|
|
Code Printouts (plain text
formatted with spaces)
Situation description: this example has two
peculiar features which greatly influence the
recognition quality:
- all left indents are not saved as spaces but by
specifying the value of paragraph indents; left
indents are not saved in the TXT format; some lines
are merged into one paragraph, this paragraph is
saved in the TXT format as one text line;
- too many errors during the recognition of
programming language structures.
(listing.tif) |
Solution:
-
ABBYY FineReader has a special option for
the correct recognition of such
documents: Plain text formatted with
spaces. It indicates that the text is
formatted in one column and set in monospaced
font of a same size. In the recognized text
left indents will be represented as spaces;
every line is made a separate paragraph and
the original paragraphs will be separated by
empty lines.
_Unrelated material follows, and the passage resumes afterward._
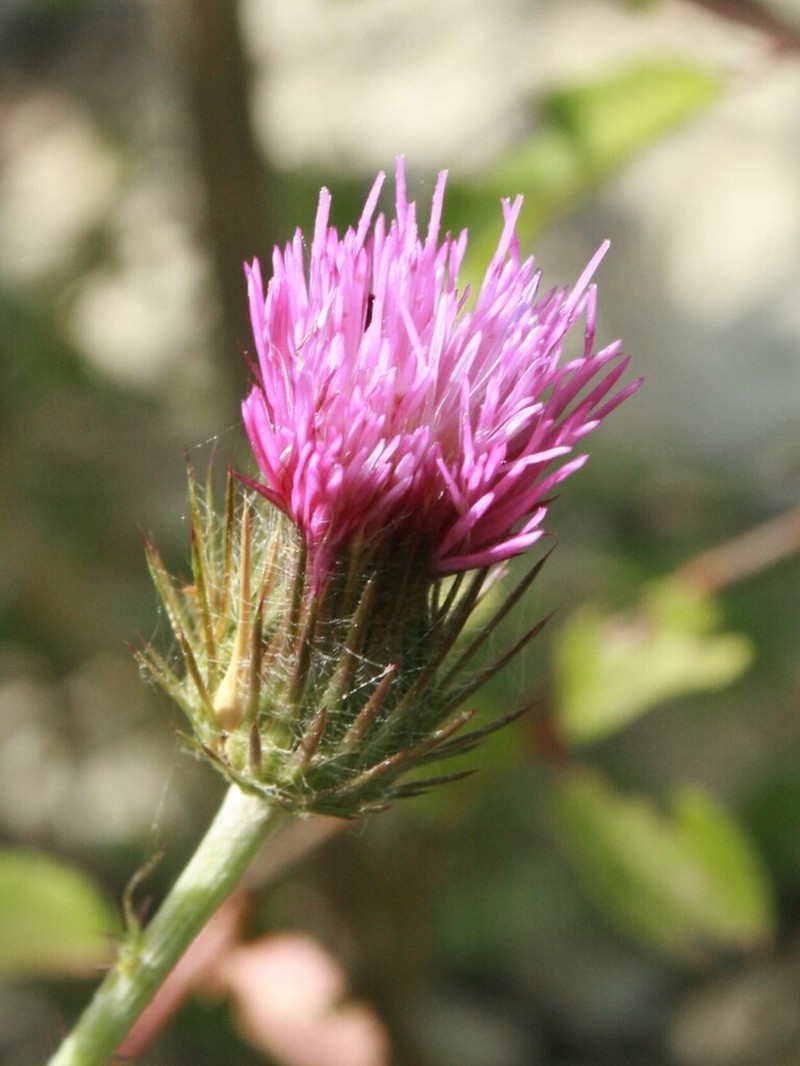 Carduus corymbosus photo 8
All this helps to retain the
original text formatting when saving in TXT
format. To set this option:
- Select the
Read as plain text formatted with spaces item in the Read group
in the Legacy Options dialog. To open this dialog,
click the Legacy Options... button on the General
tab in the Options dialog (menu Tools > Options
).
- For good recognition of code printouts it is
necessary to set a special recognition
language. To do this:
- Select the Choose more
languages item in the language list on
the Standard toolbar and in the
opened Recognition language dialog
select the C++ item.
Note: If code printouts contain some
additional text comments, select two
recognition languages to read the document
correctly: the programming language and the
language of text comments.
|
|
|